Why would you do that? said:
Also, when you fall down while holding the direction button into a wall, gravity is lowered, like, you fall slower. I don't know if it was intentional, but it would make a great wall slide.
It is indeed intentional. I reuse a lot of gameplay mechanics of games like metroidvanias, and recent ones have introduced wall sliding. It's a bit less "hardcore" than older titles like Super Metroid, but it makes wall jumping easier. I'm still not sure that I'll be able to keep it, because it's causing me a headache graphic-wise, but I'll see.
As for the sticky walls, it's not surprising it's a bit strange currently, but I will need it (especially since I don't want the scrolling to reveal any secret area), so I wanted to make sure it would work. In intend to rely a lot on level design to hide most effects, though. Again, metroidvanias games use this a lot, even if it's for technical reasons (I think that they use this to hide palette swaps, they fade to black before the scrolling, and fade in after, so that you never see both sides at the same time).
Many thanks for your impressions, that's nice to hear that you had some fun visiting what is mostly a testing ground.
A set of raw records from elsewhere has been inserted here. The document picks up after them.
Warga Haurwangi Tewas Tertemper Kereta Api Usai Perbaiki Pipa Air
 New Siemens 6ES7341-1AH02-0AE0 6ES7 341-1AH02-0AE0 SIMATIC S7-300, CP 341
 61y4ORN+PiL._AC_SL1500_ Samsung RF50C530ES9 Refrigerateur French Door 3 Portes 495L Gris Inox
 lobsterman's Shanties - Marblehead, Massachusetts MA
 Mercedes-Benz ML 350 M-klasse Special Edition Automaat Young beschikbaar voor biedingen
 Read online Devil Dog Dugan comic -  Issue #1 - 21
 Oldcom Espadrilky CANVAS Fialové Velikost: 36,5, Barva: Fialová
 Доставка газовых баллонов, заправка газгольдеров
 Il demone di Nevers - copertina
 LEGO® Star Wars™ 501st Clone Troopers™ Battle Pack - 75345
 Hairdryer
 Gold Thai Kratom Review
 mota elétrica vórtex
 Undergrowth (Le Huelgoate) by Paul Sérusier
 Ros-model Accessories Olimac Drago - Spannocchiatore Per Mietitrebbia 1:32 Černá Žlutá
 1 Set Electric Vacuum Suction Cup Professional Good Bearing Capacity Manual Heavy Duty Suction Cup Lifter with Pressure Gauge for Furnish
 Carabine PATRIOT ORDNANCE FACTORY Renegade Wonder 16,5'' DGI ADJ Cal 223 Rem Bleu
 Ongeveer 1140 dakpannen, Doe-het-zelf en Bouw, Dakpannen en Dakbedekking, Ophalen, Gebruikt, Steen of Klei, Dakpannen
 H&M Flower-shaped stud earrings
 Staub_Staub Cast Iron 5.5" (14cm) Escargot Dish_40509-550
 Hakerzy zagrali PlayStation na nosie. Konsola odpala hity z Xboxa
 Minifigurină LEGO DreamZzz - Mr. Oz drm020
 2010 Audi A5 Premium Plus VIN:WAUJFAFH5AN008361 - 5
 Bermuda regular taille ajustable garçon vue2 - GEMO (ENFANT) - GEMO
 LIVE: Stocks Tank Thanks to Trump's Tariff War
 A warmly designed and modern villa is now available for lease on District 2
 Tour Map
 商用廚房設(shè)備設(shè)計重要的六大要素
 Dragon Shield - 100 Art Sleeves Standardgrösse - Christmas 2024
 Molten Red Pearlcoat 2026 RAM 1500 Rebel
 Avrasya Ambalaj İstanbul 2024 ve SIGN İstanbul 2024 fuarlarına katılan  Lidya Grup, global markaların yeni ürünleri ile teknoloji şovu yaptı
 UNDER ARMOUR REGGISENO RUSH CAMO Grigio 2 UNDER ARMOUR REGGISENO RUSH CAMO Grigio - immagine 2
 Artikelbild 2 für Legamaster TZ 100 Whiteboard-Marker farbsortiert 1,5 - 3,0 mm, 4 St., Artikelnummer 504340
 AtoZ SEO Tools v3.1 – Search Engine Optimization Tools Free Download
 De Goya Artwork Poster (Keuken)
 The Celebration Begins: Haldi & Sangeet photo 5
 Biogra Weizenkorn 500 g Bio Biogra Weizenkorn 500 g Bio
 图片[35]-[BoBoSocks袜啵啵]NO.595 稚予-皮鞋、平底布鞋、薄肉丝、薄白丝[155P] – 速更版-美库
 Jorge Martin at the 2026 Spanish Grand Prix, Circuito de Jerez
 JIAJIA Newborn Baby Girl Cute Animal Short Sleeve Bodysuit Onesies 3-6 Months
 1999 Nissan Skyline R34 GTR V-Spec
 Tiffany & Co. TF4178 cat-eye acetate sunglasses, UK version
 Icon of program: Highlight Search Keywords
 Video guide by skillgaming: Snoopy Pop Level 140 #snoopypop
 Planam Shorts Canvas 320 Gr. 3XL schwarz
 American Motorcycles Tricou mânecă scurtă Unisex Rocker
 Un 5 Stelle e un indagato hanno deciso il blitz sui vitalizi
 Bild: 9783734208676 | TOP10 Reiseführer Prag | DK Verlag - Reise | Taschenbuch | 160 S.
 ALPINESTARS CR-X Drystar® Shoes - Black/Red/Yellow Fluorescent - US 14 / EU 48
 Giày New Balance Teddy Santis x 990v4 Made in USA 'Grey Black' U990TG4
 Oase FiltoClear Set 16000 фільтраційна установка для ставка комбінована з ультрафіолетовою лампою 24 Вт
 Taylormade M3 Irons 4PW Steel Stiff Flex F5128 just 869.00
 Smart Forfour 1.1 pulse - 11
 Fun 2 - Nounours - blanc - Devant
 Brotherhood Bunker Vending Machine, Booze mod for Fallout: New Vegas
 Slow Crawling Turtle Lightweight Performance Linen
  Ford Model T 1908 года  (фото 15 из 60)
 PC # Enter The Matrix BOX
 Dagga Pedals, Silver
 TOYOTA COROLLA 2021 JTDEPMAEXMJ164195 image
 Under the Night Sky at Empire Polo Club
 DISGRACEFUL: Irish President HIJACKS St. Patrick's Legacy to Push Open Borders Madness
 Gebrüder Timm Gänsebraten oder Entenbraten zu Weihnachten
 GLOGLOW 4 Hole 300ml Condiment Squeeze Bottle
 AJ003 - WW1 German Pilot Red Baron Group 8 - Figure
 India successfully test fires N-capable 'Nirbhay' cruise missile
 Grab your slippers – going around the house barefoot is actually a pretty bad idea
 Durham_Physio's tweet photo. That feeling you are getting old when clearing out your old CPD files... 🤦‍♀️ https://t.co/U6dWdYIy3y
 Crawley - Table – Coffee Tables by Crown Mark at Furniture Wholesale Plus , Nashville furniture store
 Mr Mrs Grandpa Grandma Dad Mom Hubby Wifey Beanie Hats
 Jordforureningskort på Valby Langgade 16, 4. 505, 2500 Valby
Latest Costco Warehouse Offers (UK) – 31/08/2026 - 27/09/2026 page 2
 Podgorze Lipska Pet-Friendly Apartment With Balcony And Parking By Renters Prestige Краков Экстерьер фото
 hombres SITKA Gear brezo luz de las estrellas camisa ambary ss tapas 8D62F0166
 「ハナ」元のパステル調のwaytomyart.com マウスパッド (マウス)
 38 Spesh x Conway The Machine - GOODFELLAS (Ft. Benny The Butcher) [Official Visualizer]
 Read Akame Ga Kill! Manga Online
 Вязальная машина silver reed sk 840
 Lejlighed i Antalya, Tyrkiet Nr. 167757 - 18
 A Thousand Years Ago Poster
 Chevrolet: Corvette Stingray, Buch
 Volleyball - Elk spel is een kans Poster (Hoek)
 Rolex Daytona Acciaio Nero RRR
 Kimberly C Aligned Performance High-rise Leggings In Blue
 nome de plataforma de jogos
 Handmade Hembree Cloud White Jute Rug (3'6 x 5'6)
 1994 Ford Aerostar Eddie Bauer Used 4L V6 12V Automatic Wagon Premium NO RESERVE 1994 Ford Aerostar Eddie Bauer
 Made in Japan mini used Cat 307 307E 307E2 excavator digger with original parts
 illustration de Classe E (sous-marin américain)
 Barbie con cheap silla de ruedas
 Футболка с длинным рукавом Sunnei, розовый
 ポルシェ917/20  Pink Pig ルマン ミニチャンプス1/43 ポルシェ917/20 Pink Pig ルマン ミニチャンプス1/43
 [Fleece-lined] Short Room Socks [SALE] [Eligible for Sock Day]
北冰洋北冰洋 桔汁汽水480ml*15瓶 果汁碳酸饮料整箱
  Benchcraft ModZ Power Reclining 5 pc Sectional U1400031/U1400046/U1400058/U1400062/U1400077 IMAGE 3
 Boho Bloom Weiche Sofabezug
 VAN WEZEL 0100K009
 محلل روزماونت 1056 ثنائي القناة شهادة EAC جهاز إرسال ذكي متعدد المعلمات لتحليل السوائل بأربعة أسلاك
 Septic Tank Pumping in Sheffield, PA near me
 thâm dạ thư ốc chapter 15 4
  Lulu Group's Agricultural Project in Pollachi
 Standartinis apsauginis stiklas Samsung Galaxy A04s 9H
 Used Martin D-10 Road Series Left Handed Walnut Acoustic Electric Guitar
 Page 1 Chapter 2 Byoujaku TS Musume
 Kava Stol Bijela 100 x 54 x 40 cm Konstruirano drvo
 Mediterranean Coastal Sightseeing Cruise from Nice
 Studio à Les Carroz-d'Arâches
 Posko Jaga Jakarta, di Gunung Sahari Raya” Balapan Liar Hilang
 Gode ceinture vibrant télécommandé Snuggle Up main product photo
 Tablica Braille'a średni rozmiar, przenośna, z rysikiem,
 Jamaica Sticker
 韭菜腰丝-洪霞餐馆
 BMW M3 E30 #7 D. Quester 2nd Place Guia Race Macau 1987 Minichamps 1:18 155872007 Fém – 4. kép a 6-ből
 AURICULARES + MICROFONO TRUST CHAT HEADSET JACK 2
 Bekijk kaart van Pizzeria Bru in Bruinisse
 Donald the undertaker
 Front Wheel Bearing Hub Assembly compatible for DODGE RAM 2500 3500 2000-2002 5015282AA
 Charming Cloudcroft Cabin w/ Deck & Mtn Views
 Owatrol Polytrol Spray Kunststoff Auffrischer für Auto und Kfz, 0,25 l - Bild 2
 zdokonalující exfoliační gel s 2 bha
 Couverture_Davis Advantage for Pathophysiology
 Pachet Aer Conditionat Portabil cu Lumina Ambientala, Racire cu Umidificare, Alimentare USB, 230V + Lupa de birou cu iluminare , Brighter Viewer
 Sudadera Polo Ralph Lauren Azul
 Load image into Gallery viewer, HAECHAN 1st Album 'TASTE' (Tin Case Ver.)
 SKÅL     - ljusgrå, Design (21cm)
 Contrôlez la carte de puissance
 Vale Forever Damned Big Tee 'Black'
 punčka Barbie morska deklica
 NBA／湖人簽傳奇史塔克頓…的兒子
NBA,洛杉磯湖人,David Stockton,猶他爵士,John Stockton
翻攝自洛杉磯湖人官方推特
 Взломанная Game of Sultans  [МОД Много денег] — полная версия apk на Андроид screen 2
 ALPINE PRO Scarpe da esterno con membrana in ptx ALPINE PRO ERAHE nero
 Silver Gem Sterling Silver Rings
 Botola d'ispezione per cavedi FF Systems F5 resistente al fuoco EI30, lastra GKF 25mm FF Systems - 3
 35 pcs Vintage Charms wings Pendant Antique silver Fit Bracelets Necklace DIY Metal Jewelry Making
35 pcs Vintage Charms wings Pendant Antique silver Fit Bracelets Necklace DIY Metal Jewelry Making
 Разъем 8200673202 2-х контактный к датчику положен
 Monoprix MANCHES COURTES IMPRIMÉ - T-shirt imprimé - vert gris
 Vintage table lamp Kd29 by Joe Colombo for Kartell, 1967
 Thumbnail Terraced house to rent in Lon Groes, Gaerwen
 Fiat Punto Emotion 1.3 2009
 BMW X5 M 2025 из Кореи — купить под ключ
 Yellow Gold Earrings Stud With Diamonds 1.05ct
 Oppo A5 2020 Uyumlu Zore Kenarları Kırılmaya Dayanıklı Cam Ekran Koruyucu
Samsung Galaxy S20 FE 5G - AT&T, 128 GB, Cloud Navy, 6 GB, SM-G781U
I'm adding one gameplay element at a time (managed to program a working staircase wednesday evening, for example), but now, I'm mostly on the drawing board for the complete map layout.
Why would you do that? said:
Pertaining to my engine, I wasn't really thinking about Link to the Past... More like games like TMNT and other beat-em-ups. It's interesting how you connected it to my favorite game series...
That's because I was crazy with this effect in ALttP. In the first hours, I was doing it on purpose just because I liked the animation. I remember similar things on other, older games, but not as nice, and with 45° ledges.
Why would you do that? said:
About enemies... Yeah, enemies aren't very fun to code.
Well, at least not the easy ones. Bosses can be fun to code.
In fact, that's not really that I don't like coding them, but do a simple goomba, for example, and you'll need a way to know whether there's a hole in front of it, so that it can stop before falling, and it can be a nightmare to implement those tests.
Why would you do that? said:
but unfortunately, doing pixel art for an NES (which has very limited colors... 4 colors per 8x8 square, 32 total on screen, only 56 or so total to choose from) isn't as easy
Indeed. That's the reason I'm going 16bits, in fact, I don't want to be too limited by colors. I'll try to limit the number of colors I use as much as I can, but I won't spend time to count them for each screen. Besides, I don't want to spend half an hour thinking if I should trade a blue color in palette for a red one, and redo six hundred sprites to remove the blue in them.
I think music will come last, especially since I don't have much experience in mixing music and sound effects using SDL_Mixer. I can usually compose correctly, but I'm a bad arranger, and cheap tunes will be a challenge.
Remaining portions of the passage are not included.